I packed up my entire life into four bags in less then two days - we won't talk about the things I couldn't pack, it's still a sensitive subject. And it wasn't until I strategically packed it into my Chevrolet that I realized for the first time in a long time, I didn't know when I would be home again.
Deciding to move across the country wasn't a hard choice for me. Ever since my first visit to BC I knew it was a matter of when, not if. And I did, for a summer. It was exciting, exhilarating and I learned more about myself there then I have anywhere else in the world. So when the opportunity arose to move back, my heart fluttered with joy. Only this time I had more of a life I was leaving behind, compared to other times. My cat, my dog, countless commitments that crept into my schedule having stayed in one place for a few years, and most importantly, my family.
Considering my family was finally together again for the first time in 10+ years, this was more of a deal breaker then it had been in the past. I love my family and change isn't something I take easily so I constantly suffer from what I like to call FOMO, fear of missing out. While I have always marched to the beat of my own drum, traveling to me was no different. I would go my own way and always knew that sooner or later I would return home and once again things would go back to the way they were. We'd all wake up on Saturday morning, coffee (and Baileys) in hand and catch up as we relaxed in the hot tub. At days end, we would have a long dinner, typically started and followed by good conversation and wine, our beverage of choice.
But this isn't just another trip, it's a life change. Or an adventure with no expiry date, as I like to call it (it doesn't sound as intimidating this way). I don't know when I will be home again for dinner, or when I will be able to take my dog Hunter for a run to our favourite spot. I won't have summer trips to the cottage and meeting up with my sisters for drinks will now be done via FaceTime.

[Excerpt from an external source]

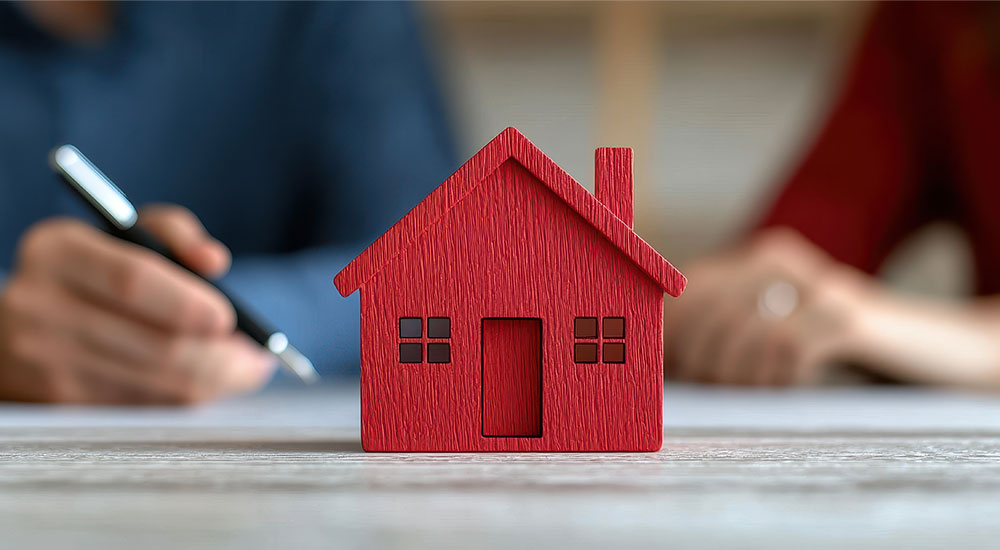 Home Improvement Research Institute Releases Updated Forecast for Home Improvement Products Market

The only thing I know is, I can't win- I'm missing out if I go and I'm missing out if I stay. "You're only young once," was the deciding factor in this cross-Canada trek. So when the time came to say goodbye to my parents, they once again stood there with smiles on their faces, the same one that often matched mine as I was about to set off on the yachts. Only this time, those smiles were hidden behind tears, once again matching my own. Which quickly turned into a full on waterfall. What can I say, hearing your dad tell your boyfriend "you take care of her for me" is an emotional and literal change that hit me like a Mac truck. I know I have used this term before, but this has truly been an emotional roller coaster and it won't fully hit me until I arrive at our place in Whistler next Monday. Until then, I'm going to enjoy my second drive across the county, only this time it's with my boyfriend, best friend, partner in crime and, my new Saturday morning routine.